START STORED DATA

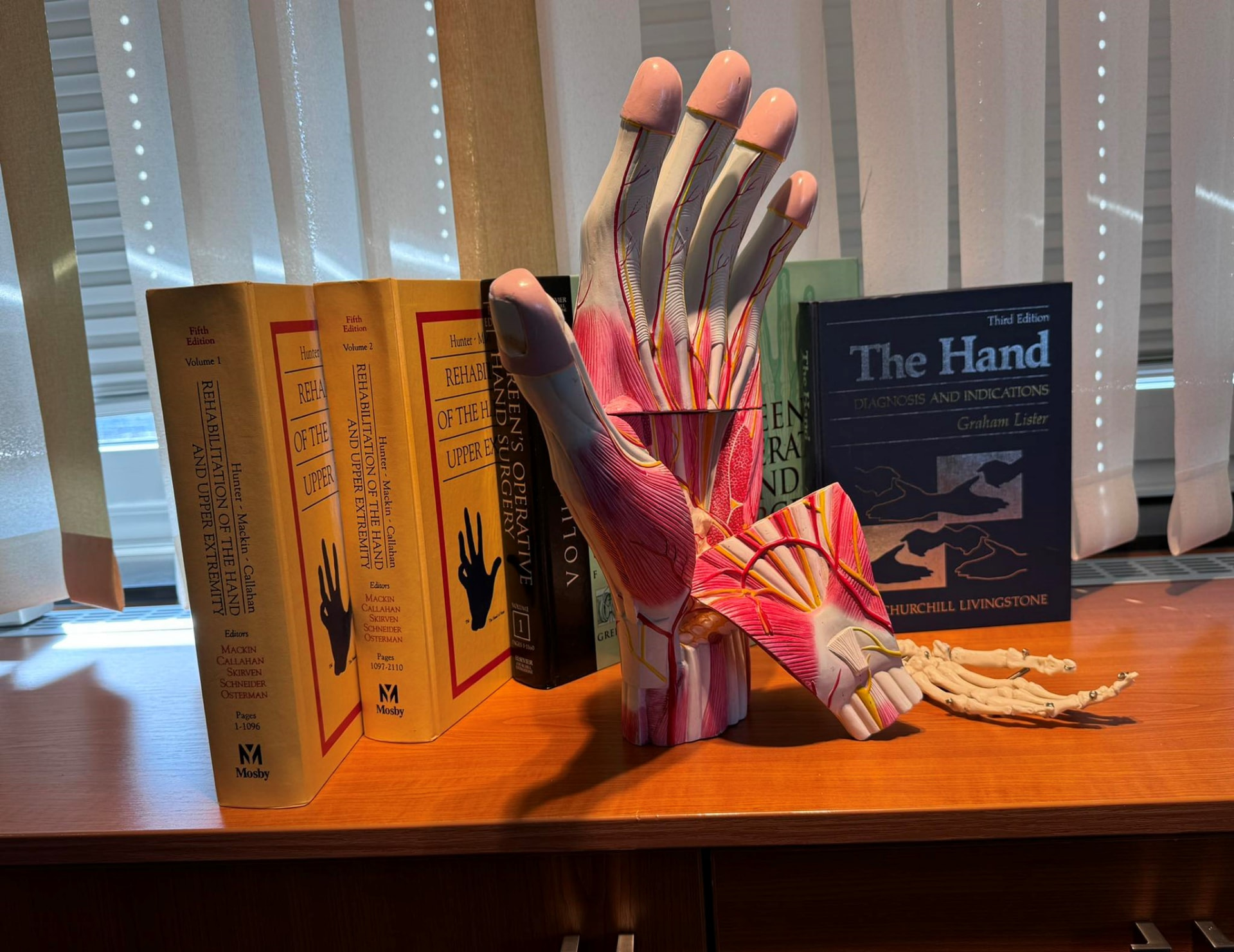 Anatomisches Handmodell mit Fachliteratur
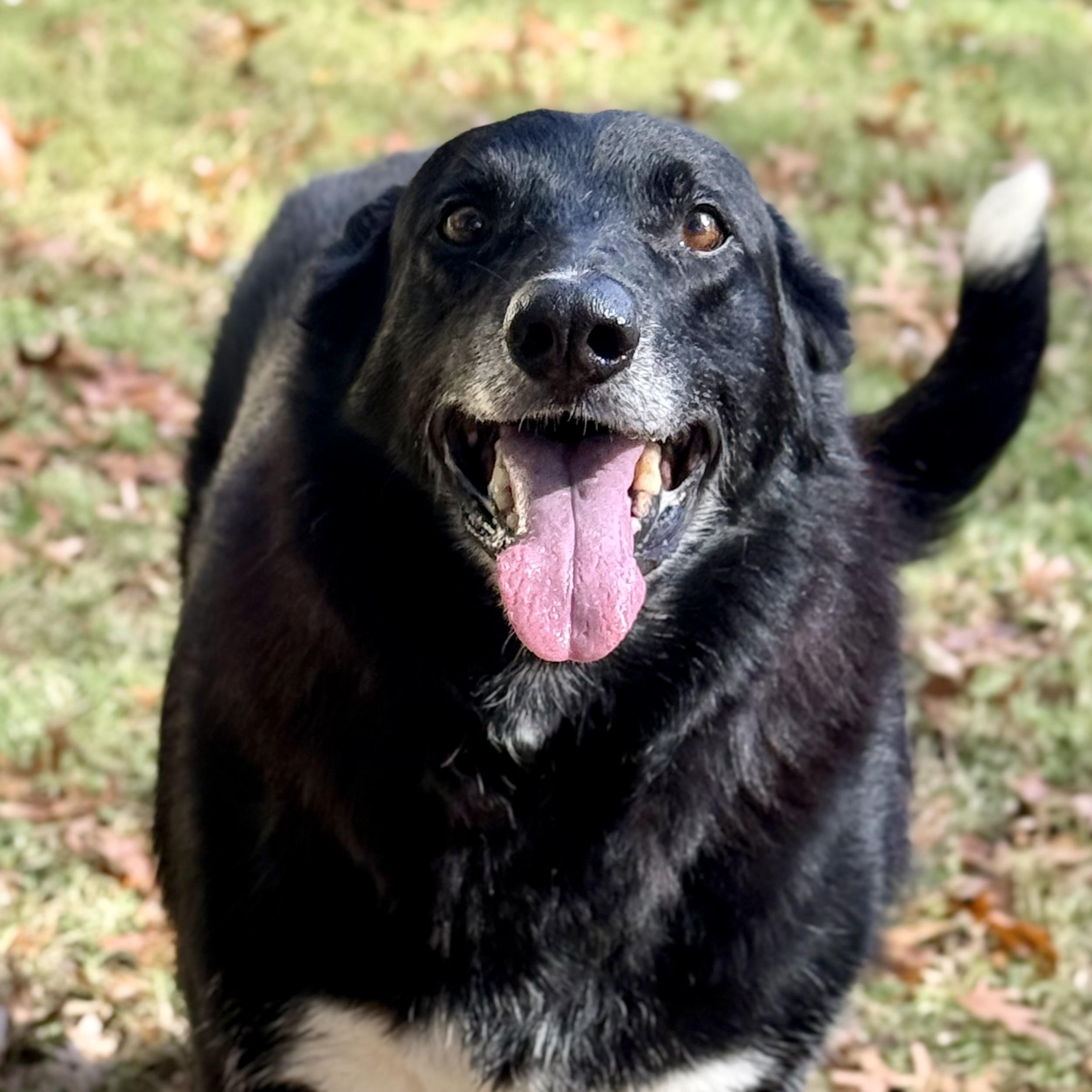 Kal, Adoptable, Adult Male German Shepherd Dog.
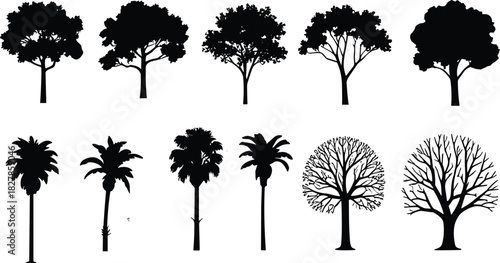 Collection of black tree silhouettes featuring deciduous, palm, and leafless winter trees isolated on white background for landscape design.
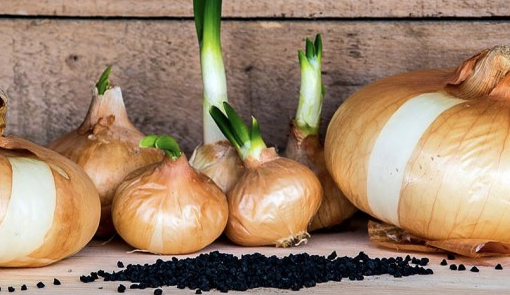 Sagre di qualità piemontesi, c'è anche la 'cipolla bionda' di Fontaneto d'Agogna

END STORED DATA

#### TO DO:
Which lines run from the one containing "Kal, Adoptable, Adult" to the end of the data above? Set down those lines exactly, and only those, without any pictures.

#### EXERCISE SOLUTION:
 Kal, Adoptable, Adult Male German Shepherd Dog.
 Collection of black tree silhouettes featuring deciduous, palm, and leafless winter trees isolated on white background for landscape design.
 Sagre di qualità piemontesi, c'è anche la 'cipolla bionda' di Fontaneto d'Agogna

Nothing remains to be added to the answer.